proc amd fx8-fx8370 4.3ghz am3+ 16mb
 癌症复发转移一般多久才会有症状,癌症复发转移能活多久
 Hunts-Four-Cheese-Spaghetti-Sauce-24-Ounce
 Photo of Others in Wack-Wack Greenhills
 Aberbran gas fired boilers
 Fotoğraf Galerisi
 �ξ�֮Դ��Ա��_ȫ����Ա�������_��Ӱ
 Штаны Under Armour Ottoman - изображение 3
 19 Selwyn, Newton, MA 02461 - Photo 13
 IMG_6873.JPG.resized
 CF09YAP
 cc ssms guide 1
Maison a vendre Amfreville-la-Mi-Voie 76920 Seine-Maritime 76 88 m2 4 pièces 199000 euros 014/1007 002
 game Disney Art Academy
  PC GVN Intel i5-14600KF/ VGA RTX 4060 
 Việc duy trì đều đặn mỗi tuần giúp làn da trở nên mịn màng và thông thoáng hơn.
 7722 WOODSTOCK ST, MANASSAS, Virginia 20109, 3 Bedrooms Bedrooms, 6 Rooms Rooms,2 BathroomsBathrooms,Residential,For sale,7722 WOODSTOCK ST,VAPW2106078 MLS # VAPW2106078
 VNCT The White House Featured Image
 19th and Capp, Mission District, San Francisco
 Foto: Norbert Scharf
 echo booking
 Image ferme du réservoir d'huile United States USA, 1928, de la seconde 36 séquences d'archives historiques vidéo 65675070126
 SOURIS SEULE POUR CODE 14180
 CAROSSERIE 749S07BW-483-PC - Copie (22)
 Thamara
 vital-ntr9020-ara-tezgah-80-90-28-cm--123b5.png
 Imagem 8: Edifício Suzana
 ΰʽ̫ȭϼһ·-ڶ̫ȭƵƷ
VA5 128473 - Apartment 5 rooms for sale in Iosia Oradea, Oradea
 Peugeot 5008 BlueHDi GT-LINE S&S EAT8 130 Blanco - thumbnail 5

● ● ● ● ●

Reproduce the material above exactly, beginning at its first line and ending with the line that holds "PC GVN Intel i5-14600KF/ VGA RTX 4060". Include nothing else.

**Solution:**
proc amd fx8-fx8370 4.3ghz am3+ 16mb
 癌症复发转移一般多久才会有症状,癌症复发转移能活多久
 Hunts-Four-Cheese-Spaghetti-Sauce-24-Ounce
 Photo of Others in Wack-Wack Greenhills
 Aberbran gas fired boilers
 Fotoğraf Galerisi
 �ξ�֮Դ��Ա��_ȫ����Ա�������_��Ӱ
 Штаны Under Armour Ottoman - изображение 3
 19 Selwyn, Newton, MA 02461 - Photo 13
 IMG_6873.JPG.resized
 CF09YAP
 cc ssms guide 1
Maison a vendre Amfreville-la-Mi-Voie 76920 Seine-Maritime 76 88 m2 4 pièces 199000 euros 014/1007 002
 game Disney Art Academy
  PC GVN Intel i5-14600KF/ VGA RTX 4060 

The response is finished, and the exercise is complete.